Sunday, August 17, 2008

'Highly Regarded' Mathematicians

Do subatomic particles have free will? ask two 'highly regarded' Princeton Mathematicians.

Yes. Obviously.

Seriously though, it's nice that people are independently coming to my conclusions.
"indeterminacy is inherent in the world itself"
It's nice to be right.

The exact reason is that
"They used a pure mathematical argument to show that there is no way the particle can choose spins around every imaginable axis in a way that is consistent with the 1-0-1 rule."
Although, journalists suck.
"The particle, Kochen and Specker showed, is like a cheating player. They found it out by showing that no single object satisfies all the “questions” (or all 33 axes) at once."
The particle isn't very much like a cheater at all. The particle is being prodded, and that prodding changes its internal state. As a result, it's not surprising at all that it 'decides' its spins ad hoc.

Incidentally, I exactly mean that
"the best way out of this paradox is to accept that the particle’s spin doesn’t exist until it’s measured. "
Something I'm glad I read the article for:

"Conway and Kochen say that they have now proven that particles’ responses can’t be pre-determined, even within this possible interpretation. “We can really prove that there’s no algorithm, no way that the particle can give an answer that is unique and can be specified ahead of time,” Conway says. “I’m still amazed that we can actually manage to prove that.”"

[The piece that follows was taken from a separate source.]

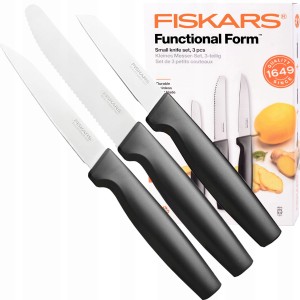 Komplet noży w pudełku Fiskars FunctionalForm 3 szt.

Notice that this means it was, up until now, unproven.

"Kochen and Conway say the best way out of this paradox is to accept that the particle’s spin doesn’t exist until it’s measured. But there’s one way to escape their noose: Suppose for a moment that Alice and Bob’s choice of axis to measure is not a free choice. Then Nature could be conspiring to prevent them from choosing the axes that will reveal the violation of the rule."

(Edit for clarity: the particle's spin or any rule whereby the particle's spin will be determined.)

The paper also beautifully shows how determinism and free will, while supposedly very different, have the exact same consequences. The mathematicians have found that either entanglement is exactly what it's thought to be, or else determinism is strictly true. In other words, that either free will or determinism are true but it works out to the same experimental results.

I also just realized another level of this logical structure. Compatibilism is false, but the consequences of compatibilism - that determined humans are morally responsible - is true.

(Which incidentally is a good example of the fact that you should ask what your philosophy is for. It's very very likely that what's true will also serve that purpose, and then you can stop being wrong without having to completely rearrange your life.)

I've noticed something else. Journalists suck again, though at least only slightly; the article references the "Kochen-Specker paradox" which, if you want to look up, is actually called a theorem.

On the other hand, journalists do have an actual job. Check out La Wik and decide for yourself whether Julie Rehmeyer's hand could do good things there.

I guess to be precise, journalists suck as writers. Their literary and logical skills are weak, because they spent all their time developing the ability to communicate the ideas they're given.

Addendum, from the reddit title: "Two mathies prove that if humans have even the tiniest amount of free will, particles behave unpredictably."


Something I had especial difficulty with.

"But Conway and Kochen have shown this scenario is impossible for particles that are incommunicado. They invoked the old Kochen-Specker paradox to show that if the spin 1 particle’s behavior is pre-determined so that it isn’t allowed to “change its animal,” it won’t be able to give answers that are consistent with the 1-0-1 rule. So if Alice and Bob are lucky in how they choose their axes, they should be able to force the particles either to disagree or to violate the 1-0-1 rule — contrary to experimental evidence."

That phrase there, "change its animal" needs to be clarified. The mathies have actually proven, in a general sense, that Alice and Bob can force the particles to change the rules under which they decide their spins. (Just like the infinite-series-of-averages, this only works in a finite universe.)

In other words, they must be stochastic. There is no other interpretation, unless determinism is strictly true. (Read a fantasy book where the character tries to outsmart prophecy for more illustration.)